Alright, here we go and I will do it with an example app.
Let's say you are creating a census application for Canada. Your partition key is going to be the province or territory name, of which there are 13 total iirc. You load the initial data in and all is fine. You open it up for users to come in. Everything is going ok, but hit the evening when everyone is home and just got a card saying they should go to your site. Well, where are the population centers in Canada? Ontario and Quebec have the most and they just so happen to be in the same table partition. Oops. Yes, adaptive capacity will try and save you, but in short order there are now 10s of thousands of people (or more) trying to use your site. That partition is now hot as it hits the 3000 IOPS per partition quota with just one section of Toronto online. DynamoDB is already trying to move items to other partitions and creating more to save you from your blunder, but your users are already getting throttled. You chose poorly. Twitter/reddit/etc is now erupting with nasty comments I shall not quote here. Meanwhile the partition that has Prince Edward Island and Yukon in it is not doing much at all. If you had picked a different partition key or used write sharding with the province/territory name, items would be more evenly spread and this would not be a problem.
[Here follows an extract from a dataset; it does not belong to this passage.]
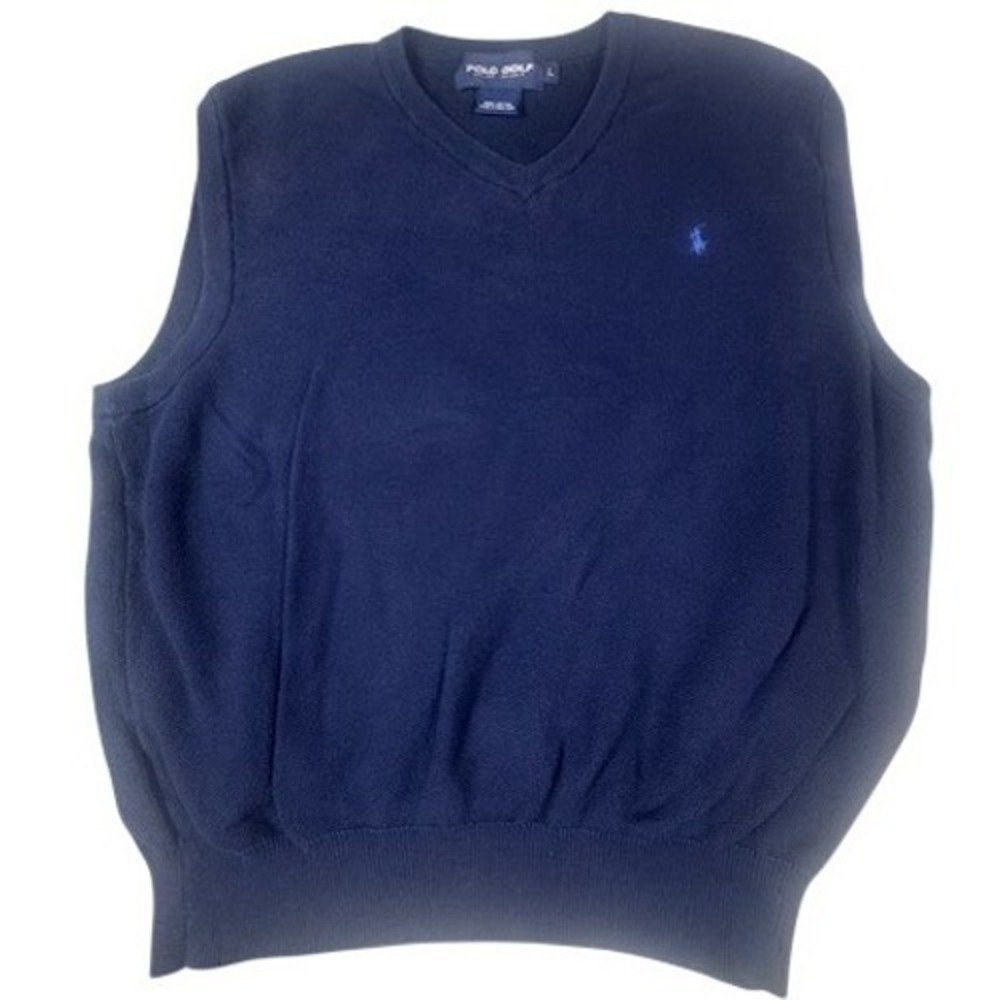 Polo Golf Ralph Lauren Sweater Vest Mens L Navy Blue V-Neck Cotton Knit Logo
That said, in another scenario, with a lightly used application and low cardinality PK, all might be well. As that app scales, that is when your blunder will become apparent. If it will never scale then it might be fine…by why hassle with that?
Hopefully you get the point. Also, this kind of thing is not unique to DynamoDB. I have worked with plenty of other databases that do partitioning where this could be a problem. At least DynamoDB is smart enough to try and save you from your blunder over time for you, but why set yourself up for problems?